*** Data extracts ***

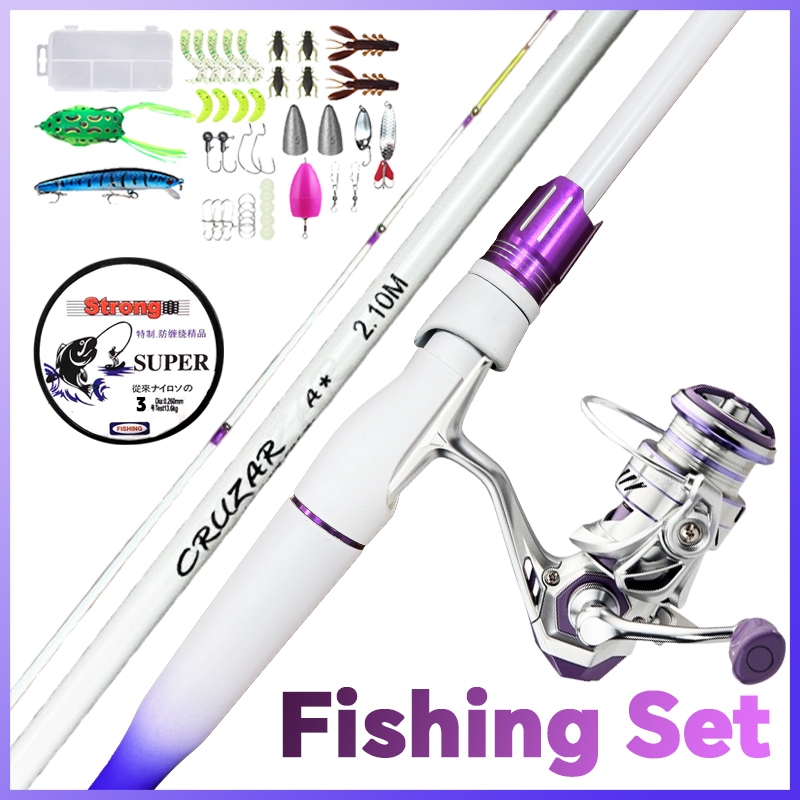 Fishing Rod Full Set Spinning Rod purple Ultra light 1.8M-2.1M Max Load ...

*** End of Data extracts ***
*** Data extracts ***

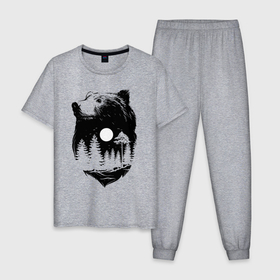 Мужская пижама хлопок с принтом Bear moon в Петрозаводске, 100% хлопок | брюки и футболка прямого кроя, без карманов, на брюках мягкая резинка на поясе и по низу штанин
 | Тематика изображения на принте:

*** End of Data extracts ***
*** Data extracts ***

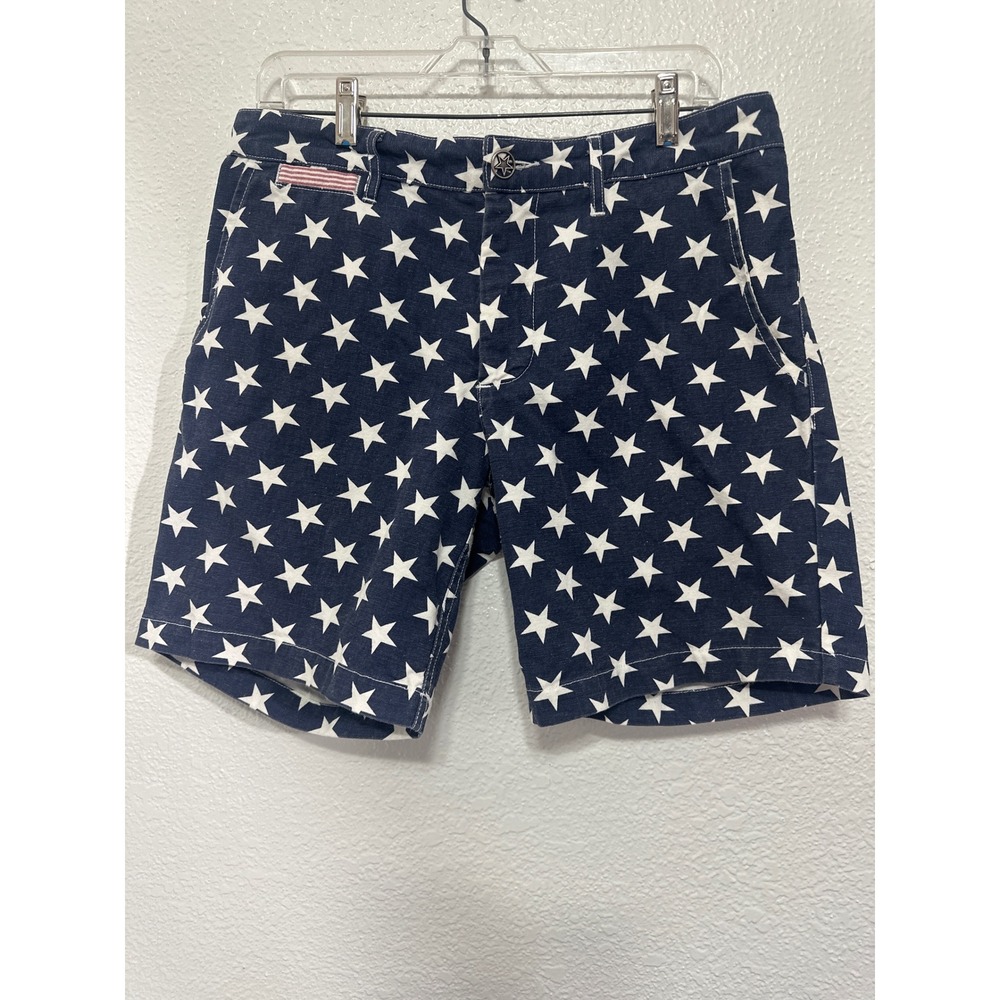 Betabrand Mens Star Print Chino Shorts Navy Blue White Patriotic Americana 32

*** End of Data extracts ***

(What is expected): From the line holding "Мужская пижама хлопок" to the line holding "Тематика изображения на", both included, retype the entries above exactly and drop the pictures.

(The completed task):
 Мужская пижама хлопок с принтом Bear moon в Петрозаводске, 100% хлопок | брюки и футболка прямого кроя, без карманов, на брюках мягкая резинка на поясе и по низу штанин
 | Тематика изображения на принте:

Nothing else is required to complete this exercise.